The Black Keys are never going to invent the wheel. What they will do though is make it go in a partially enjoyable direction.
The Black Keys are the musical equivalent of Coke Cola. You know what you’re going to get with Dan Auerbach and Patrick Carney. There are not many shocks when you hear their music. Their formula of garage blues rock has been a major success for them which has propelled them to the type stardom many of their peers can only dream of. So why change the recipe?
And like a certain fizzy soft drink, now and again there might be a minor change but the flavour remains the same. You’re tastebuds know what they’re about to encounter before you’ve pulled the ring pull.
Dropout Boogie is their latest album following on from Delta Kream, a collection of hill country blues covers and it gets off to a cracking start. ‘Wild Child’ is that type of song the duo are famed for. The thumping drums of Carney compliments the drawl of Auerbach’s vocals ideally. It won’t be long before the track earns it’s place on the bands greatest hits playlist you’ve compiled and could well be their biggest single to date.
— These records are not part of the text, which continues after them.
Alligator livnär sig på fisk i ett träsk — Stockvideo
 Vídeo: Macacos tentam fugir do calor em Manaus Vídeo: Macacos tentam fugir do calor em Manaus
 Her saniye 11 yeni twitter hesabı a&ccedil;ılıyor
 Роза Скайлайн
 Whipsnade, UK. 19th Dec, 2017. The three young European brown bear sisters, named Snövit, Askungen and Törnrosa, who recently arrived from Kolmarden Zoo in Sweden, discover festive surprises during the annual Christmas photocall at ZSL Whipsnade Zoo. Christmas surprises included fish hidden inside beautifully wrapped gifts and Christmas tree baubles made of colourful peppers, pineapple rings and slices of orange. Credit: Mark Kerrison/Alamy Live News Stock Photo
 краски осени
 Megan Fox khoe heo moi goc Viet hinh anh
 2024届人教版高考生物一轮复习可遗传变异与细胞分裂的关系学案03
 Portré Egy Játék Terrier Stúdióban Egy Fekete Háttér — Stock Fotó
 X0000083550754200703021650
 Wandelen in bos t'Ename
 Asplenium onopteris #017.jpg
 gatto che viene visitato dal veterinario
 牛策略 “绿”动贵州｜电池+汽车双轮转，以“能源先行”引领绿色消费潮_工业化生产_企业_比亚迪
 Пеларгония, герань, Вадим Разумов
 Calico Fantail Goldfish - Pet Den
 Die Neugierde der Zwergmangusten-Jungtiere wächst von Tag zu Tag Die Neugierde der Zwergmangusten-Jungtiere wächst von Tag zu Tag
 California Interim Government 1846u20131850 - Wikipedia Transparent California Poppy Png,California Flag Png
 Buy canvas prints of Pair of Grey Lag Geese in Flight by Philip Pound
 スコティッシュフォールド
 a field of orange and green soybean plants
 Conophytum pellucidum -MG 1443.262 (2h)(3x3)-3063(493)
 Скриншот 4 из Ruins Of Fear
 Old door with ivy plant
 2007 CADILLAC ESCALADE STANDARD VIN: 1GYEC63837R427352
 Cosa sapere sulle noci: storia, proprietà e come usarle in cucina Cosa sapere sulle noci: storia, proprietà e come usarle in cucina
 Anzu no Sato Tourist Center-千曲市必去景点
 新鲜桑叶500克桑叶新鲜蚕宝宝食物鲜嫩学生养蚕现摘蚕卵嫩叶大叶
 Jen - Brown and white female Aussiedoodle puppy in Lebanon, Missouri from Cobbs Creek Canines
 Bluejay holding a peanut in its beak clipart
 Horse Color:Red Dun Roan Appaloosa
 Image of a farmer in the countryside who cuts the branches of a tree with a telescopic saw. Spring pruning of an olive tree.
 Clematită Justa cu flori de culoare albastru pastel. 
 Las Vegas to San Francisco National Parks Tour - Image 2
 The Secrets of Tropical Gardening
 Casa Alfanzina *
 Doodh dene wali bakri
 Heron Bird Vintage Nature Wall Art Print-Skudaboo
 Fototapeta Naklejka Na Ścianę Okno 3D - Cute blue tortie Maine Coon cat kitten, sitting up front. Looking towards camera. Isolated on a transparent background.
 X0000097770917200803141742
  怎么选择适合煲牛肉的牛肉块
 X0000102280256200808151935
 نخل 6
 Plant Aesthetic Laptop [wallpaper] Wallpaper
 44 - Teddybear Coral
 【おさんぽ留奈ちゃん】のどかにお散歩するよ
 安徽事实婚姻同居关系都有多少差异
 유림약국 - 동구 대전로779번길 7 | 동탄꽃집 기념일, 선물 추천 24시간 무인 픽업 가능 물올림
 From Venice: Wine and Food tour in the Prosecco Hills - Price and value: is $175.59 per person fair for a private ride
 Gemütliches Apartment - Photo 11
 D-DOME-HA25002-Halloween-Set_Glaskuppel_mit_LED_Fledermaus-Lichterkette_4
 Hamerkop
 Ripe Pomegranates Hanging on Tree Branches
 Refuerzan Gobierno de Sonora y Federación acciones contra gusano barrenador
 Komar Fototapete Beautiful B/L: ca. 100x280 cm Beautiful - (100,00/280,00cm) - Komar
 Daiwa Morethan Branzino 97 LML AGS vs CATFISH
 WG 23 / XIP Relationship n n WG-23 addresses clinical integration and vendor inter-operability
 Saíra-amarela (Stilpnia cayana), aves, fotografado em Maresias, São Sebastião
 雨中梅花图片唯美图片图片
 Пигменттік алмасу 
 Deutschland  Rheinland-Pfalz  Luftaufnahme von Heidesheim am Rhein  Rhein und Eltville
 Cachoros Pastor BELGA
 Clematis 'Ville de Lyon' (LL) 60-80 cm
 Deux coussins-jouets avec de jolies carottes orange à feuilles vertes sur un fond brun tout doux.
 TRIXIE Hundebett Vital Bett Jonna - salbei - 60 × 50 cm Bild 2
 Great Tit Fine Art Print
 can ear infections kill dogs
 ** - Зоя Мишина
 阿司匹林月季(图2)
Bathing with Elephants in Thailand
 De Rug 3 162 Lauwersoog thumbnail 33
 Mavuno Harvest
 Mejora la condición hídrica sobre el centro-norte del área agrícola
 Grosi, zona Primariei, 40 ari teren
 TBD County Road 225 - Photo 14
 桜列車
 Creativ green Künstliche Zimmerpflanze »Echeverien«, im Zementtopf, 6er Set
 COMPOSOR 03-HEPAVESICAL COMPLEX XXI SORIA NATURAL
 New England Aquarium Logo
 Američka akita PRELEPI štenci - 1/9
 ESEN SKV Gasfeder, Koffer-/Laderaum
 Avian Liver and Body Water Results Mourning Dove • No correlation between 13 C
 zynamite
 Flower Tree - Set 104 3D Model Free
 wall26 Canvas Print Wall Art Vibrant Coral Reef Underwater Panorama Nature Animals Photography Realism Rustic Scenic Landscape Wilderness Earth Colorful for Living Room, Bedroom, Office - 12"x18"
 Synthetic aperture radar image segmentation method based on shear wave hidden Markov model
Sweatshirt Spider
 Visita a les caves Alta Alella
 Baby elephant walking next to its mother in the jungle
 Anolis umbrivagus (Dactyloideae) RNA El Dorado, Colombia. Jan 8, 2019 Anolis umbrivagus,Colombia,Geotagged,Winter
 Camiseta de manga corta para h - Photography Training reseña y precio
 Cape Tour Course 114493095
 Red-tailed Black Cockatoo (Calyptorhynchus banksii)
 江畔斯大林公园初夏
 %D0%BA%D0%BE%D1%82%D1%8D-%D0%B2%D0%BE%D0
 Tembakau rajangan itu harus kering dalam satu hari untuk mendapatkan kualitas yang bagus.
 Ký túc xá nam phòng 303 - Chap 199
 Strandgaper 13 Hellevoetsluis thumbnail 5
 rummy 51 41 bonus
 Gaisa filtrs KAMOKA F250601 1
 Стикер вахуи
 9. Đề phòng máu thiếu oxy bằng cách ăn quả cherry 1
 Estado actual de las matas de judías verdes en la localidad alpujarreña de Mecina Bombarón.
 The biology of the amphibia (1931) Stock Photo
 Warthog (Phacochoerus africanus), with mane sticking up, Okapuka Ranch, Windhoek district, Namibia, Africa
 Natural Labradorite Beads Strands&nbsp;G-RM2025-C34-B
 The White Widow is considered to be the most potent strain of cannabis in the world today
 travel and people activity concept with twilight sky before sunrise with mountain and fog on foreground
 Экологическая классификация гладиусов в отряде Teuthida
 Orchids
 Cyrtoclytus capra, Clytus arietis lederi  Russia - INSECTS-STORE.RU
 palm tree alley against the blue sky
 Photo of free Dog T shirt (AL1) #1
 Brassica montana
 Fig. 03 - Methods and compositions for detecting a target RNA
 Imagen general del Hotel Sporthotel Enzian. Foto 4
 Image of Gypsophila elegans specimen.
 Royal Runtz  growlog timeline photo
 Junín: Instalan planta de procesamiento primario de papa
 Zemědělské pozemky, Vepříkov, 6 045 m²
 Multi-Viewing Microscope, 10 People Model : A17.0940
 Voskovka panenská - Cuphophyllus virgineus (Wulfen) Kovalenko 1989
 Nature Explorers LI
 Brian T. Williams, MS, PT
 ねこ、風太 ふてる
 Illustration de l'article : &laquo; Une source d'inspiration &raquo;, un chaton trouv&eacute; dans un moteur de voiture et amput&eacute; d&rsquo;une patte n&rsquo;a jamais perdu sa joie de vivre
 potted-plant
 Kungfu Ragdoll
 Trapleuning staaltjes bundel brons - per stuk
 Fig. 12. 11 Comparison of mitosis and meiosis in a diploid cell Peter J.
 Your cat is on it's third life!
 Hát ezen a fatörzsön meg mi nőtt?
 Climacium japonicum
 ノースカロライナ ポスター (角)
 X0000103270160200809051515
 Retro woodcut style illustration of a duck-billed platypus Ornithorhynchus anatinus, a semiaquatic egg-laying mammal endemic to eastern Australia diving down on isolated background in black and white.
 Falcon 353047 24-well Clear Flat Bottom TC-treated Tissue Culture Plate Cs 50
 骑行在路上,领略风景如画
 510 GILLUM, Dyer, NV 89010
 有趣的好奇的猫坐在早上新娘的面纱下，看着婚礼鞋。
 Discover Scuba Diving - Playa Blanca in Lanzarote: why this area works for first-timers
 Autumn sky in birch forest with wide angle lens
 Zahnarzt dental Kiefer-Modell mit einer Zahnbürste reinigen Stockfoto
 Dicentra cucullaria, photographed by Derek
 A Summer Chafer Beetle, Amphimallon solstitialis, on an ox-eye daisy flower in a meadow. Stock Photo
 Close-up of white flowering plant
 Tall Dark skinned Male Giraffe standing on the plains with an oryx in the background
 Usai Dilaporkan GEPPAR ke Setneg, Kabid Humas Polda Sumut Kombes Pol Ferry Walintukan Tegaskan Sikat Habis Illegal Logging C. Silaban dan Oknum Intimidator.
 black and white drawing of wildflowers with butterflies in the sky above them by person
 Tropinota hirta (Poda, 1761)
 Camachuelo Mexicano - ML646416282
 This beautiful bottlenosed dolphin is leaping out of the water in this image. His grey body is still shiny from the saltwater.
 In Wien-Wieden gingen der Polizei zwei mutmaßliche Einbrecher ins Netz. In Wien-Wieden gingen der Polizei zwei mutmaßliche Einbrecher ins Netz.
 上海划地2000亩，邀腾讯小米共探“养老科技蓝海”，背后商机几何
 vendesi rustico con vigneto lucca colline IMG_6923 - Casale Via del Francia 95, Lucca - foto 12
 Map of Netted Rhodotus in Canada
‘It Ain’t Over’ and ‘For The Love of Money’ keep the momentum going. You can tell there’s a chemistry between the pair, one bonded by a love of rock n’ roll. Twenty years after their debut and over two since the landmark release of El Camino the band could do this sort of thing in their sleep.
There’s always been a bit of a mischievous element to the band as if they don’t take themselves too seriously. And they keep it going with a ‘Your Team Is Looking Good’ which has whistles, backing vocals sounding like cheerleaders and may as well be called ‘Here’s A Song We Think Will Be A Hit With Ice Hockey Fans And Will Make Us Millions In Royalties When It Gets Played At Games.’
Dropout Boogie does have a bit of a lull. ‘Good Love’ featuring ZZ Top’s Billy F Gibbons isn’t as remarkable as you’d hope. The ironically names ‘How Long’ outstays its welcome with its radio-friendly mediocrity trying a bit too hard to win listeners over.
Thankfully things pick up with ‘Burn the Damn Thing Down’ that shuffles through with a linage harking back to The Beatles ‘I Feel Fine’ in its back pocket. ‘Baby I’m Coming Home’ has the group yearning to leave the road behind them to return to a loved one and does so in a glorious Seventies rock production. "The streets are paved with broken dreams/And fantasies that we’ve outgrown" laments Auerbach while him and Carney muster the spirit of vintage Zeppelin.
At just under thirty-five minutes in running length, it’s a ten-track album that doesn’t outstay. Instead, it does enough to transport you to a dive bar. Sawdust on the dancefloor, rolled up beer bottle labels on the bar and a sense of excitement and anticipation seeping through the walls.
The Black Keys are never going to invent the wheel. What they will do though is make it go in a partially enjoyable direction. One that rocks on the way. And I’ll drink to that.